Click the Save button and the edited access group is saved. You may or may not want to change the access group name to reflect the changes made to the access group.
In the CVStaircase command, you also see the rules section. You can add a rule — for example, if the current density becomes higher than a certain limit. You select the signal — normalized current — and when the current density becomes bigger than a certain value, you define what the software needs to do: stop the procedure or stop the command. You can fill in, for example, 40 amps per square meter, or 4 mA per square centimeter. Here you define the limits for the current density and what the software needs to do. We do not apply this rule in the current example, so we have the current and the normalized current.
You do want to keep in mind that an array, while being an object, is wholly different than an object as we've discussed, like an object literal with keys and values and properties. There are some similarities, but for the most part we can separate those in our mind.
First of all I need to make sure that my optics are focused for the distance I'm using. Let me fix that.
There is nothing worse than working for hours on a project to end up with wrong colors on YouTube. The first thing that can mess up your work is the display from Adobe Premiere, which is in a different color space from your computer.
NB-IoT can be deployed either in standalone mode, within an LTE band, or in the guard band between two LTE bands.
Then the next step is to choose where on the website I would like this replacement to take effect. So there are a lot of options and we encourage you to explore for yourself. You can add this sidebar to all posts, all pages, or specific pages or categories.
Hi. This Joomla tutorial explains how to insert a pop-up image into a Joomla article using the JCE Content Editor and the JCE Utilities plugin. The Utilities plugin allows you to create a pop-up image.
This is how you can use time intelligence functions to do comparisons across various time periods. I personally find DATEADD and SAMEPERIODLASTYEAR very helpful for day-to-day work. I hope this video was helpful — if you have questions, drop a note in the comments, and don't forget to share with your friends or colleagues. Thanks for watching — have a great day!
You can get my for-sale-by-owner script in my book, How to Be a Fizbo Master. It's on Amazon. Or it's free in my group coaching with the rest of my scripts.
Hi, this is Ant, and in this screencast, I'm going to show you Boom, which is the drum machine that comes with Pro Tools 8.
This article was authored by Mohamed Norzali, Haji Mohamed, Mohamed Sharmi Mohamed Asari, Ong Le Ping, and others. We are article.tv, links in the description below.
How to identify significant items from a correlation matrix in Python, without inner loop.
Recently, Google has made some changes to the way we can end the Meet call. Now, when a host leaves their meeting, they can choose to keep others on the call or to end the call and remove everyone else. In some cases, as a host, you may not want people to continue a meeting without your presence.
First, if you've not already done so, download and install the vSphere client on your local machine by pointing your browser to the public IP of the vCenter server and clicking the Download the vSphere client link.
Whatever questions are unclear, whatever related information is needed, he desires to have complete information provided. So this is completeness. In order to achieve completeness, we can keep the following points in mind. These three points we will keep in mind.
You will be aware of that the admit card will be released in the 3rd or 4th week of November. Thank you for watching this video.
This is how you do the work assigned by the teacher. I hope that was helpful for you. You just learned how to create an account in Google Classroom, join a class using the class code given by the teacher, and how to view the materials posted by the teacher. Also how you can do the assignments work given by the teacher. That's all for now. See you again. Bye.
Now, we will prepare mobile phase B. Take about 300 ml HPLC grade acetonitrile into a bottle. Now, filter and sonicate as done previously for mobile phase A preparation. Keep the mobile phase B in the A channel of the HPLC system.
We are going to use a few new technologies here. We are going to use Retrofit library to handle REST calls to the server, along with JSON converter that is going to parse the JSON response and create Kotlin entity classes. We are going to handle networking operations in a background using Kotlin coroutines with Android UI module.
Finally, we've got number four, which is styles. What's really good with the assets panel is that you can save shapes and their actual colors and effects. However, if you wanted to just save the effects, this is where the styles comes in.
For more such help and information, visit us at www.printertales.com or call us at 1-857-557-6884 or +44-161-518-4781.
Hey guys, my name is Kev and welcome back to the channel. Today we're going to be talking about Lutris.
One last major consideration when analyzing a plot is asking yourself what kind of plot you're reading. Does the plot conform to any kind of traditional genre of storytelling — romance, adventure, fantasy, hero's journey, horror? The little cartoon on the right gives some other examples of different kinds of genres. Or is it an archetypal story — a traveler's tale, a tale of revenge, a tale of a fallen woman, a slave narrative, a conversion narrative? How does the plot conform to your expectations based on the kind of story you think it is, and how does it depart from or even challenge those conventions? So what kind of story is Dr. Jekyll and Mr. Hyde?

•••••

Working from the material above, retype exactly the lines from the one with "This is how you can" through the one with "This is how you do", both included, and only those lines.

Written answer —
This is how you can use time intelligence functions to do comparisons across various time periods. I personally find DATEADD and SAMEPERIODLASTYEAR very helpful for day-to-day work. I hope this video was helpful — if you have questions, drop a note in the comments, and don't forget to share with your friends or colleagues. Thanks for watching — have a great day!
You can get my for-sale-by-owner script in my book, How to Be a Fizbo Master. It's on Amazon. Or it's free in my group coaching with the rest of my scripts.
Hi, this is Ant, and in this screencast, I'm going to show you Boom, which is the drum machine that comes with Pro Tools 8.
This article was authored by Mohamed Norzali, Haji Mohamed, Mohamed Sharmi Mohamed Asari, Ong Le Ping, and others. We are article.tv, links in the description below.
How to identify significant items from a correlation matrix in Python, without inner loop.
Recently, Google has made some changes to the way we can end the Meet call. Now, when a host leaves their meeting, they can choose to keep others on the call or to end the call and remove everyone else. In some cases, as a host, you may not want people to continue a meeting without your presence.
First, if you've not already done so, download and install the vSphere client on your local machine by pointing your browser to the public IP of the vCenter server and clicking the Download the vSphere client link.
Whatever questions are unclear, whatever related information is needed, he desires to have complete information provided. So this is completeness. In order to achieve completeness, we can keep the following points in mind. These three points we will keep in mind.
You will be aware of that the admit card will be released in the 3rd or 4th week of November. Thank you for watching this video.
This is how you do the work assigned by the teacher. I hope that was helpful for you. You just learned how to create an account in Google Classroom, join a class using the class code given by the teacher, and how to view the materials posted by the teacher. Also how you can do the assignments work given by the teacher. That's all for now. See you again. Bye.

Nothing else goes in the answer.